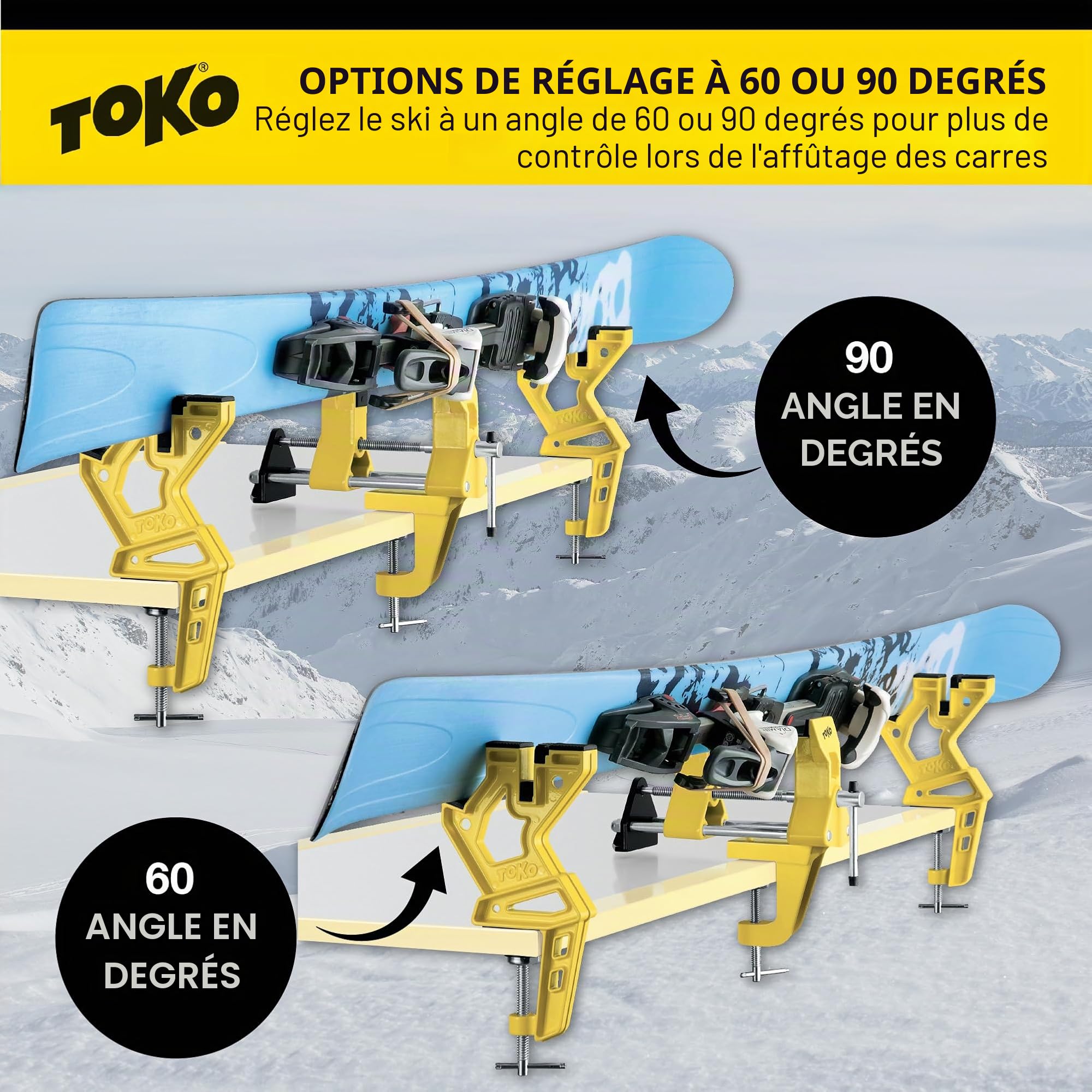 TOKO étau de Ski Freeride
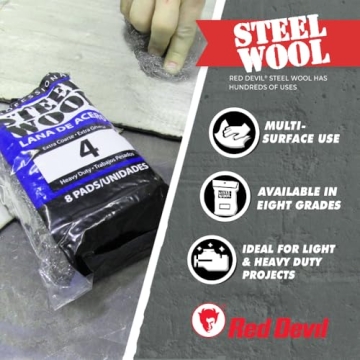 Red Devil 0320 Steel Wool for Polishing All Surfaces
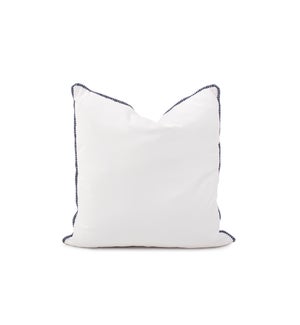 24 x 24 Outdoor Pillow with Dec Cord, Seascape Natural- Poly Insert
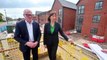 Rachel Reeves was visiting a WHG buidling developmemt in Walsall along with her Mayoral Candidate colleague.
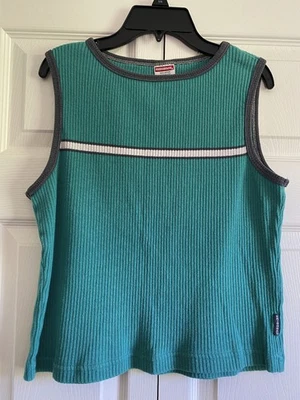 Camiseta sin mangas UnionBay para mujer verde gris blanco talla L juniors Foto 1 de 2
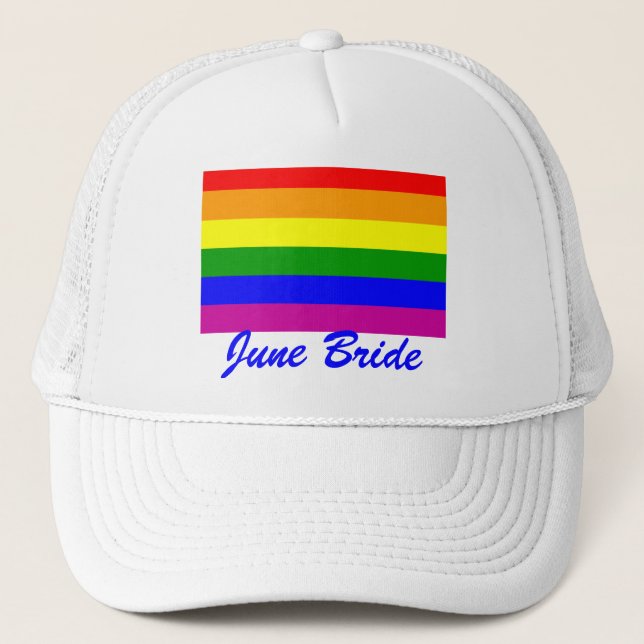 Gorra De Camionero June Bride/Gay Pride (Anverso)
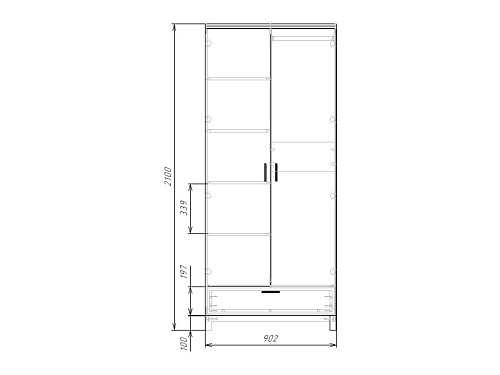 Шкаф распашной Техас-1 МДФ - фото 4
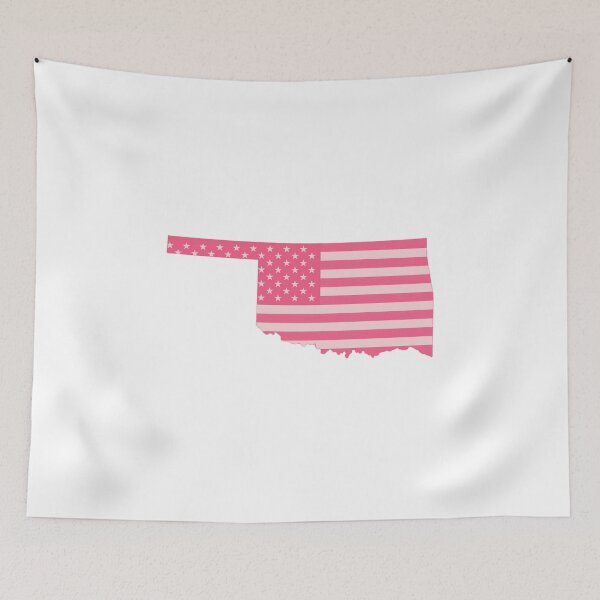 Item preview, Oklahoma USA Flag Silhouette – Stars and Stripes State Outline designed and sold by Paper Drip.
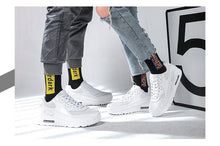 将图片加载到图库查看器，Unisex Air Cushion Sneakers Men's Colorful Casual  Fashion Jogging Sneakers Outdoor Sports Sneakers Lace Up Unisex Walk Women's Air Athletic Running Sneakers
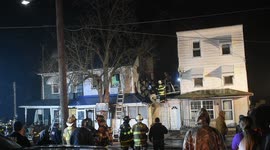 20191208 Six people left homeless after apartment fire in Shamokin, Pennsylvania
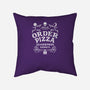 Order Pizza-none removable cover w insert throw pillow-Immortalized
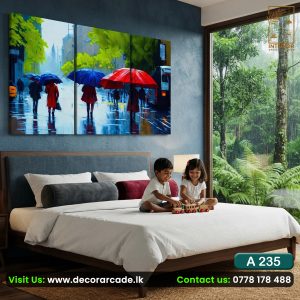 A235 Rain Wall Art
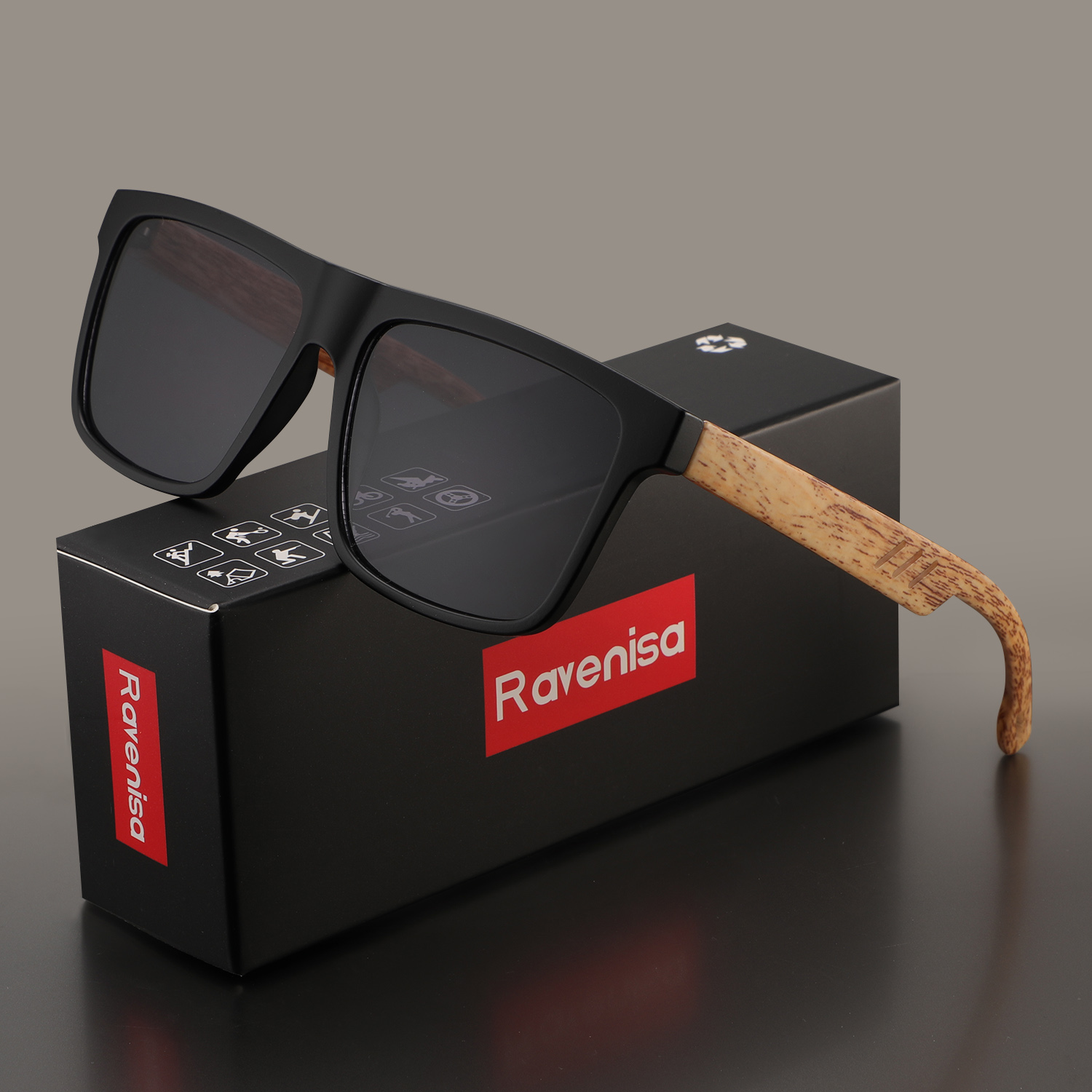 Vintage Fashion Images - Ravenisa Kacamata Hitam Bingkai Persegi Antik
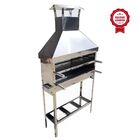 Churrasqueira Espetinho Com Coifa Inox 2 Grelhas Grande L100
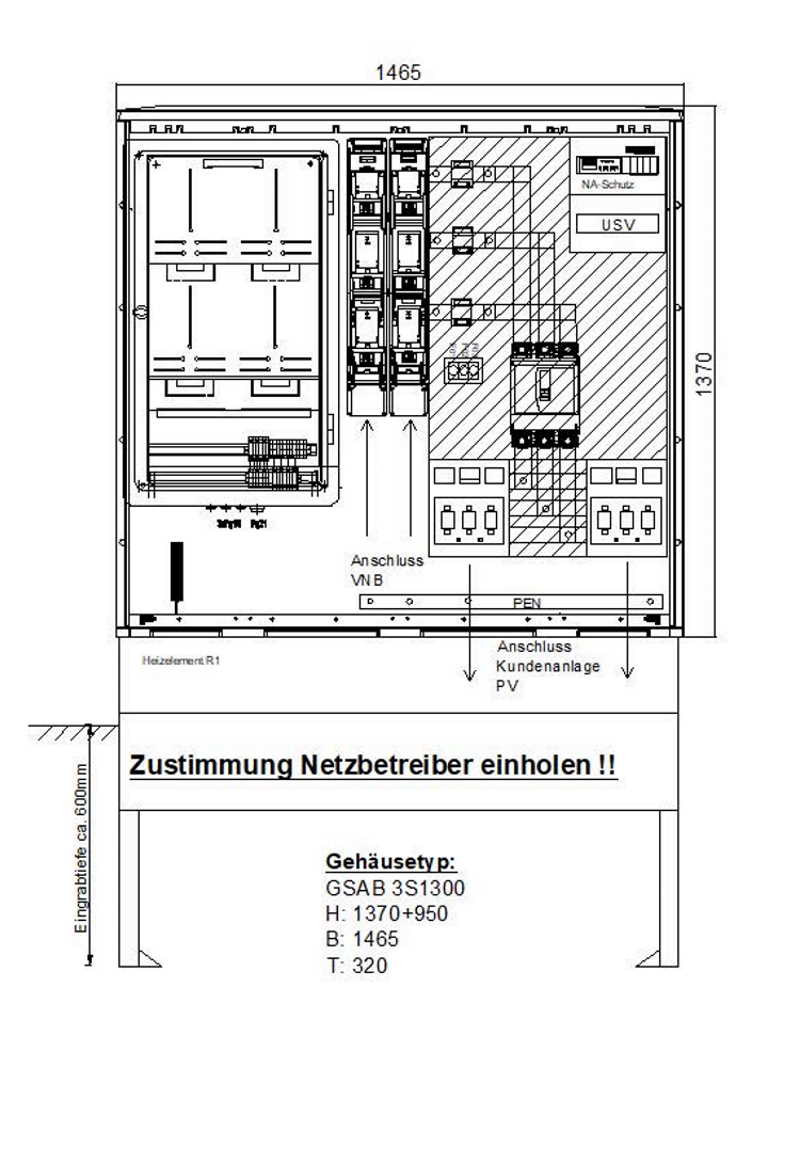 GSAB ZAS Erzeugungsanlagen bis 350 kVA (Volleinspeisung)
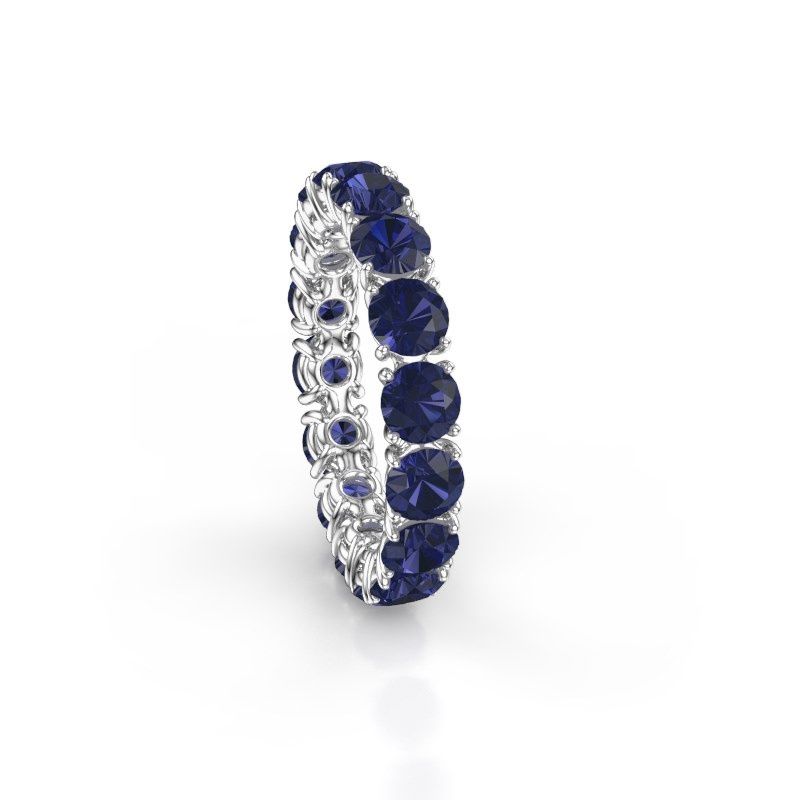 Bild von Vorsteckring vivienne 4.0<br/>950 Platin<br/>Saphir 4 mm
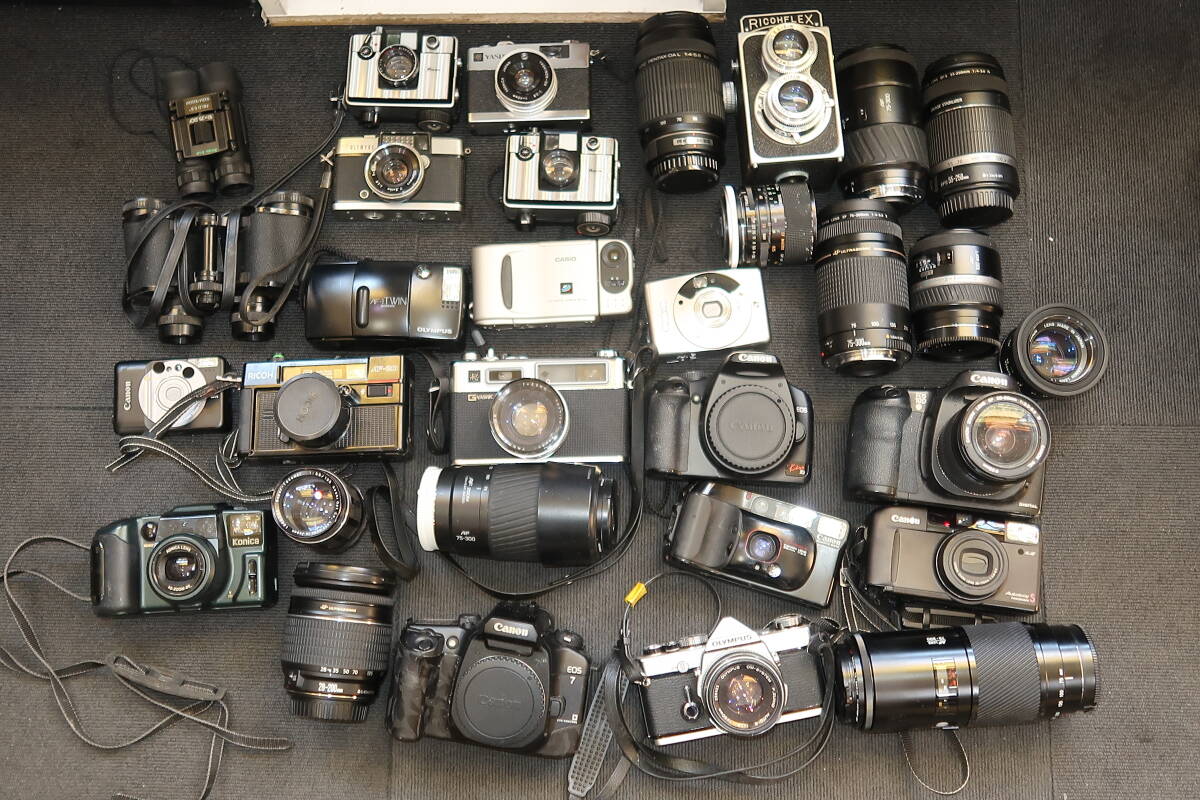 デジタルカメラ、フィルムカメラ、レンズ等まとめ売り 2025年最新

Problem
Return all of the entries word for word, but omit the pictures.

Answer space
 TOKO étau de Ski Freeride
 Red Devil 0320 Steel Wool for Polishing All Surfaces
 24 x 24 Outdoor Pillow with Dec Cord, Seascape Natural- Poly Insert
 Rachel Reeves was visiting a WHG buidling developmemt in Walsall along with her Mayoral Candidate colleague.
 Camiseta sin mangas UnionBay para mujer verde gris blanco talla L juniors Foto 1 de 2
 Gorra De Camionero June Bride/Gay Pride (Anverso)
 Шкаф распашной Техас-1 МДФ - фото 4
 Item preview, Oklahoma USA Flag Silhouette – Stars and Stripes State Outline designed and sold by Paper Drip.
 将图片加载到图库查看器，Unisex Air Cushion Sneakers Men's Colorful Casual  Fashion Jogging Sneakers Outdoor Sports Sneakers Lace Up Unisex Walk Women's Air Athletic Running Sneakers
 20191208 Six people left homeless after apartment fire in Shamokin, Pennsylvania
 Order Pizza-none removable cover w insert throw pillow-Immortalized
 A235 Rain Wall Art
 Vintage Fashion Images - Ravenisa Kacamata Hitam Bingkai Persegi Antik
 Churrasqueira Espetinho Com Coifa Inox 2 Grelhas Grande L100
 GSAB ZAS Erzeugungsanlagen bis 350 kVA (Volleinspeisung)
 Bild von Vorsteckring vivienne 4.0<br/>950 Platin<br/>Saphir 4 mm
 デジタルカメラ、フィルムカメラ、レンズ等まとめ売り 2025年最新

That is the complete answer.